Job 27 – Job Continues His Reply to Bildad’s 3rd Statement: “I Will Maintain My Integrity”

Job 27 – Job Continues His Reply to Bildad’s 3rd Statement: “I Will Maintain My Integrity”

Job took up his discourse again saying that the living God has taken away his right, and made his soul bitter. As long as he has breath and the spirit of God is in his nostrils, his lips will not speak falsehood or deceit. Far be it from Job to say Bildad is right; till Job dies he will not put away his integrity. Job says, “I hold fast my righteousness and will not let it go; my heart does not reproach me for any of my days. Let my enemy be as the wicked, and him who rises up against me as the unrighteous. What is the hope of the godless when God cuts him off, when God takes away his life? Will God hear the cry of the godless when distress comes upon him? Will the godless take delight in God? Will the godless call upon God at all times? I (Job) will teach you (Bildad) concerning the hand of God; what is with the Almighty God I will not conceal. All of you (Eliphaz, Bildad, and Zophar) have seen it yourselves; why then had you become altogether vain (empty)? This is the portion of the wicked man with God, and the heritage that oppressors receive from the Almighty: If his children are multiplied, it is for the sword, and his descendants have not enough bread. Those who survive him (God Almighty) the pestilence buries, and his widows do not weep. Though the wicked heap up silver like dust, and pile up clothing like clay, he (the wicked) may pile it up, but the righteous will wear it, and the innocent will divide the silver. The wicked builds his house like a moth’s, like a booth that a watchman makes. The wicked goes to bed rich, but will do so no more; he opens his eyes, and his wealth is gone. Terrors overtake the unrighteous like a flood; in the night a whirlwind carries him off. The east wind lifts him up and he is gone; it sweeps the unrighteous out of his place. It hurls at the wicked without pity; the unrighteous flees from its power in headlong flight. It claps its hands at him and hisses at him from its place.

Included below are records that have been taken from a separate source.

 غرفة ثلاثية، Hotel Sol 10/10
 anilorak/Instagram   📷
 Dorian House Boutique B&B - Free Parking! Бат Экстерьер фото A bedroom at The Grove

Job seeks to maintain his integrity by teaching his friends concerning the hand of God with six examples. The portion of the wicked/oppressors with and from God Almighty is God’s wrath. (1) So, if they experience what looks like God’s favor and blessing in the gift of children, the reality is that their children are multiplied for the sword, and eventually those descendants won’t have enough bread. (2) Those who survive God, sickness will bury and the wicked/oppressor’s wives who have been widowed won’t weep. The wives of rich wicked men won’t even be sorrowful at their death. (3) The wicked heap up money and clothes, but the righteous will wear it and the innocent will inherit it (divide it up). (4) The rich wicked/oppressors build houses and watch it with the equivalence of a security guard or security system. (5) They go to bed rich, but not for long. (6) Terrors overtake the rich unrighteous/wicked/oppressors like a flood, in the night a whirlwind/tornado carries him off. Natural disaster in the form of east wind hurls the wicked without pity. Job is perplexed with his friends because he is teaching them what they already know saying that in these six things, “All of you have seen [the hand of God] yourselves” (v. 12). He is appealing to these six things to disprove that earthly prosperity is a sign of righteousness or wickedness. Job’s point is that God will do what He will do, and it’s wrong to say that those whom God counts as righteous are proven to be righteous because life is easy and they never suffer. Job’s point is that this world is broken, and God’s pleasure and favor for His people cannot be determined based upon a man’s situation in life. Praise God for this truth, because the only one who was truly righteous, Jesus Christ, became poor and suffered for His people. According to the theological formulations of Job’s friends, the gospel of Jesus Christ would be impossible. They would have simply written off Jesus Christ as unrighteous because of His humiliation and suffering. But to the praise of God’s glorious grace, Jesus suffered to declare an unrighteous people deserving only of God’s wrath as righteous. In Christ’s humiliation, and identifying with his suffering we have become rich, not in an earthly sense, but eternally rich because we have found the treasure in the field, the pearl of great price, salvation by faith alone in the death and resurrection of Jesus Christ alone.